Sometimes for a better engineering decision it is important to analyze results along the normal to a face. This PyDPF example shows you how to plot a stress gradient normal at a selected node on a face.
Import necessary modules:
First, import the DPF-Core module as dpf
and import the included examples file and DpfPlotter
import matplotlib.pyplot as plt
from ansys.dpf import core as dpf
from ansys.dpf.core import operators as ops
from ansys.dpf.core.plotter import DpfPlotter
from ansys.dpf.core import examples
Next, link your result file(.rst) and print out the model
object. The :class:Model
class helps to organize access methods for the result by keeping track of the operators and data sources # used by the result file.
path = r”\Path\to\file.rst"
model = dpf.Model(path)
print(model)
Define the node_id
normal to which a stress gradient should be plotted.
node_id = 1928
The following command prints the mesh unit
unit = model.metadata.meshed_region.unit
print("Unit: %s" % unit)
depth
defines the path length / depth to which the path will penetrate. While defining depth
make sure you use the correct mesh unit. delta
defines distance between consecutive points on the path.
depth = 10 # in mm
delta = 0.1 # in mm
Get the meshed region
mesh = model.metadata.meshed_region
Get Equivalent stress fields container.
stress_fc = model.results.stress().eqv().eval()

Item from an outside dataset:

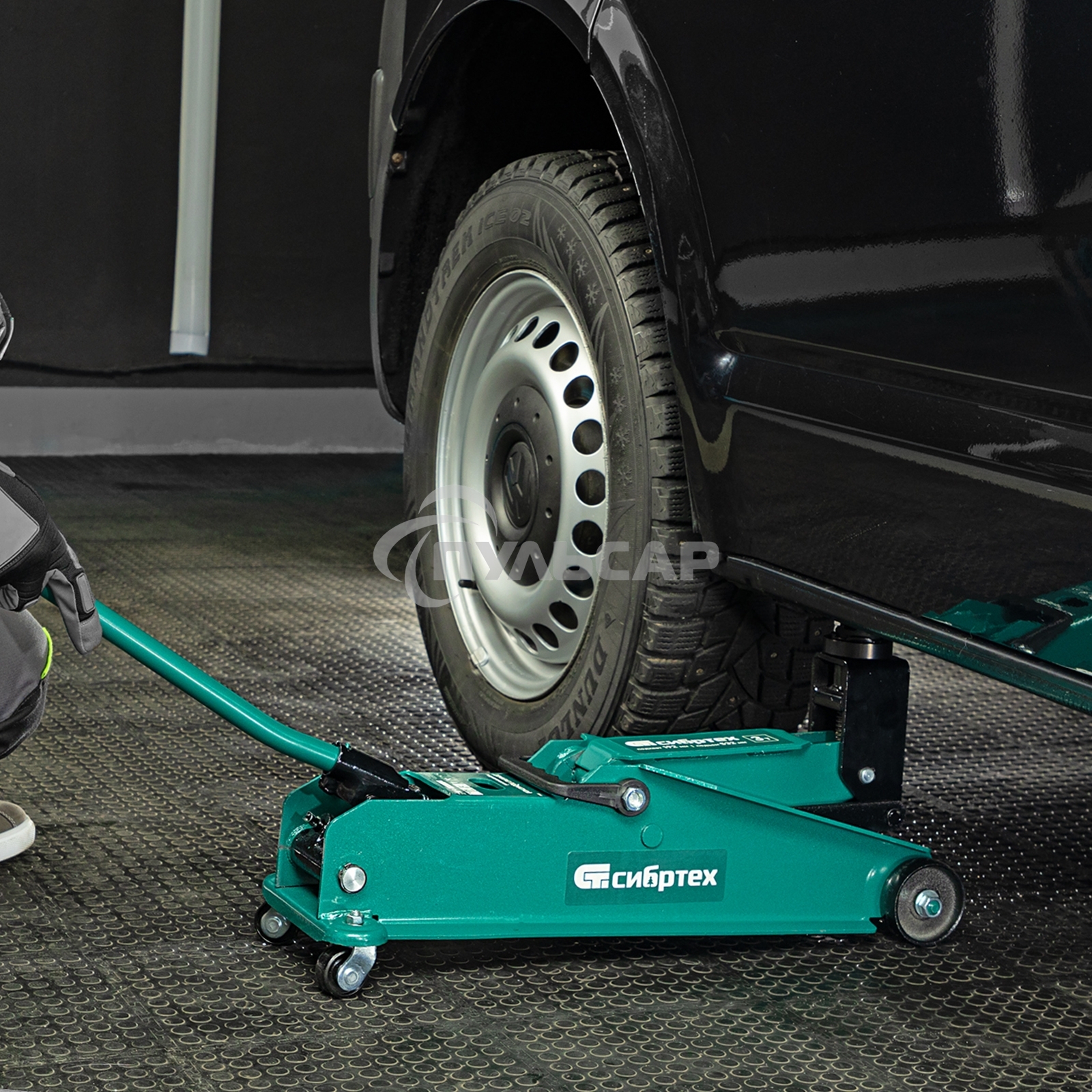 Домкрат гидравлический подкатной Сибртех 3 т, 192-532 мм, SUV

Define Nodal scoping. Make sure to define "Nodal"
as the requested location, important for the normals
operator.
nodal_scoping = dpf.Scoping(location=dpf.locations.nodal)
nodal_scoping.ids = [node_id]
Get Skin Mesh because normals
operator requires Shells as input.
skin_mesh = ops.mesh.skin(mesh=mesh)
skin_meshed_region = skin_mesh.outputs.mesh.get_data()

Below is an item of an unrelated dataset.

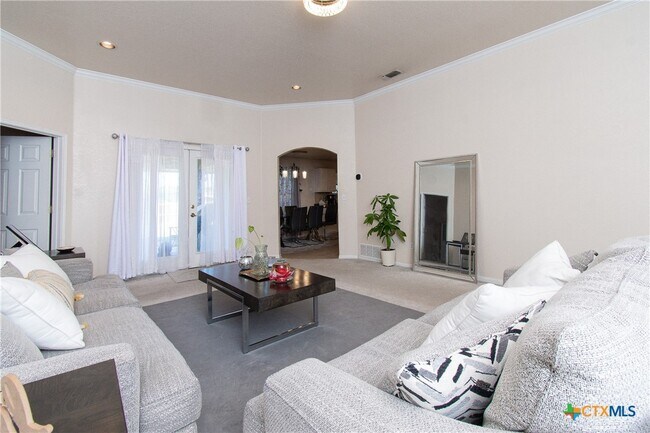 Foto del edificio - 211 Sims Ridge Dr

Get normal at a node using normals
operator.
normal = ops.geo.normals()
normal.inputs.mesh.connect(skin_meshed_region)
normal.inputs.mesh_scoping.connect(nodal_scoping)
normal_vec_out_field = normal.outputs.field.get_data()

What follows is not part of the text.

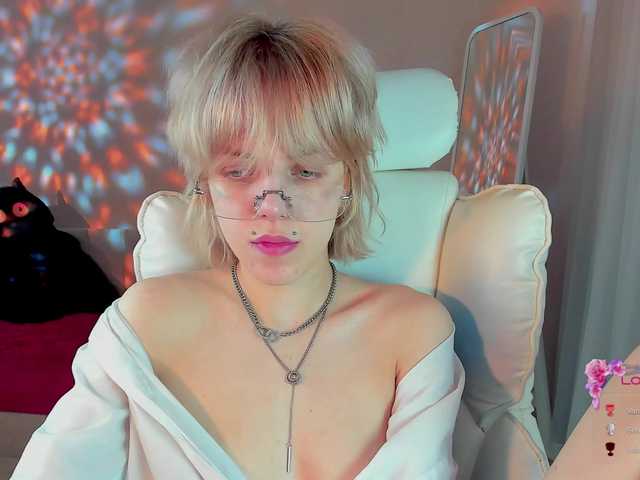 ReneYolker Live Cam on BongaCams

Normal vector is along the surface normal. We need to invert the vector using math.scale
operator inwards in the geometry, to get the path direction.
normal_vec_in_field = ops.math.scale(field=normal_vec_out_field,
ponderation=-1.0)
normal_vec_in = normal_vec_in_field.outputs.field.get_data().data[0]
Get Nodal coordinates, they serve as the first point on the line.
node = mesh.nodes.node_by_id(node_id)
line_fp = node.coordinates
Create 3D line equation.
fx = lambda t: line_fp[0] + normal_vec_in[0] * t
fy = lambda t: line_fp[1] + normal_vec_in[1] * t
fz = lambda t: line_fp[2] + normal_vec_in[2] * t
Create coordinates using 3D line equation.
coordinates = [[fx(t * delta), fy(t * delta), fz(t * delta)] for t in range(int(depth / delta))]
flat_coordinates = [entry for data in coordinates for entry in data]
Create Field for coordinates of the path.
field_coord = dpf.fields_factory.create_3d_vector_field(len(coordinates))
field_coord.data = flat_coordinates
field_coord.scoping.ids = list(range(1, len(coordinates) + 1))
Let's now map results on the path.
mapping_operator = ops.mapping.on_coordinates(
fields_container=stress_fc,
coordinates=field_coord,
create_support=True,
mesh=mesh
)
fields_mapped = mapping_operator.outputs.fields_container()
Here, we request the mapped field data and its mesh
field_m = fields_mapped[0]
mesh_m = field_m.meshed_region
Create stress vs length chart.
x_initial = 0.0
length = [x_initial + delta * index for index in range(len(field_m.data))]
plt.plot(length, field_m.data, "r")
plt.xlabel("Length (%s)" % mesh.unit)
plt.ylabel("Stress (%s)" % field_m.unit)
plt.show()
To create a plot, we need to add both the meshes mesh_m
- mapped mesh # mesh
- original mesh
pl = DpfPlotter()
pl.add_field(field_m, mesh_m)
pl.add_mesh(mesh, style="surface", show_edges=True,
color="w", opacity=0.3)
pl.show_figure(show_axes=True, cpos=[ (62.687, 50.119, 67.247), (5.135, 6.458, -0.355), (-0.286, 0.897, -0.336)])